Thursday 26 March 2009

Ozymandias

"All flesh is as grass, and all the glory of man as the flower of the grass. The grass withers and the flower falls away. But the word of the Lord endure forever - 1 Peter 1v:24-25

I met a traveler from an antique land
Who said: Two vast and trunkless legs of stone
Stand in the desert. Near them, on the sand,
Half sunk, a shattered visage lies, whose frown,
And wrinkled lip, and sneer of cold command,
Tell that its sculptor well those passions read
Which yet survive, stamped on these lifeless things,
The hand that mocked them, and the heart that fed;
And on the pedestal these words appear:
“My name is Ozymandias, king of kings:
Look upon my works, ye Mighty, and despair!”
Nothing beside remains. Round the decay
Of that colossal wreck, boundless and bare
The lone and level sands stretch far away.

Thus wrote Percy Shelly in his sonnet Ozymandias. Ozymandias is another name for the Great Pharaoh Ramses II who ruled Egypt for 66 years in the 13th century B.C. Ramses had a statue built to his own glory, and had engraved on it the words ‘King of kings am I, Osymandias. If anyone would know how great I am and where I lie, let him surpass one of my works.’

Many indeed consider Ramses the Great to be one of ‘greatest rulers’ who ever lived. His accomplishments are astounding. This led him to believe that no one could ever match his glory. And yet, three thousand years later nothing remains but his own glorious words in the sand. Shelly’s friend Horace Smith wrote a sonnet on the same topic that boldly makes a modern day application –

‘We wonder, and some Hunter may express
Wonder like ours, when thro' the wilderness
Where London stood, holding the Wolf in chace,
He meets some fragments huge, and stops to guess
What powerful but unrecorded race
Once dwelt in that annihilated place.’

What better picture of the truth of James 1v24-25? Every man, even the rich, famous, and powerful Ramses II is like the grass that fades away. After a reign of 66 years many thought that he indeed was a god because that lifespan was extremely unusual. But the day came when he died and withered away, just like the flowering grasses in a field.

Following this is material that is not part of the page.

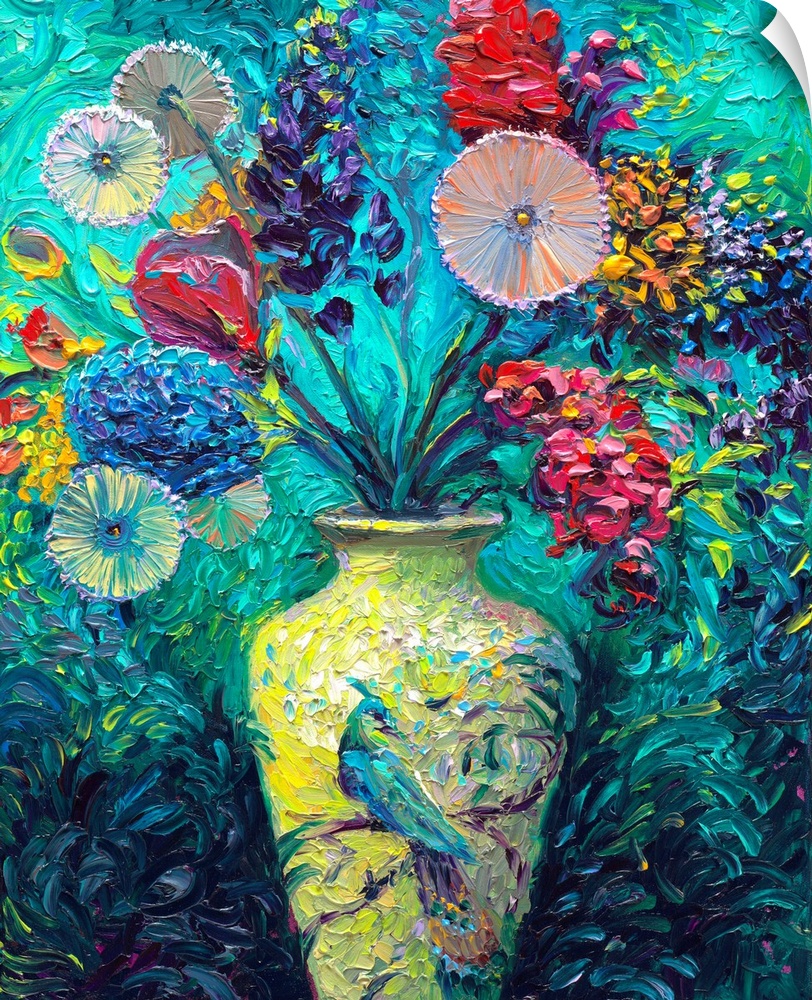 Brightly colored contemporary artwork of flowers in a vase.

Today we can build our own mini-Egypts and erect our own mini-statues as tributes to our own glory, but one day it is all going to fade away. I think it just barely feasible that we spend far too much time on that which fades away and far too little time on the one thing that does endure.

The word of God endures forever. It still stands. It stood in Ramses day and it is still living and abiding today. Ramses mighty kingdom could not endure the passage of time, but the word of God has.

So what are we going to do? Are we going the construct our own Ozymandias statue to all the great things we have done? Or are we going to construct our lives around the only Thing that lives and abides forever?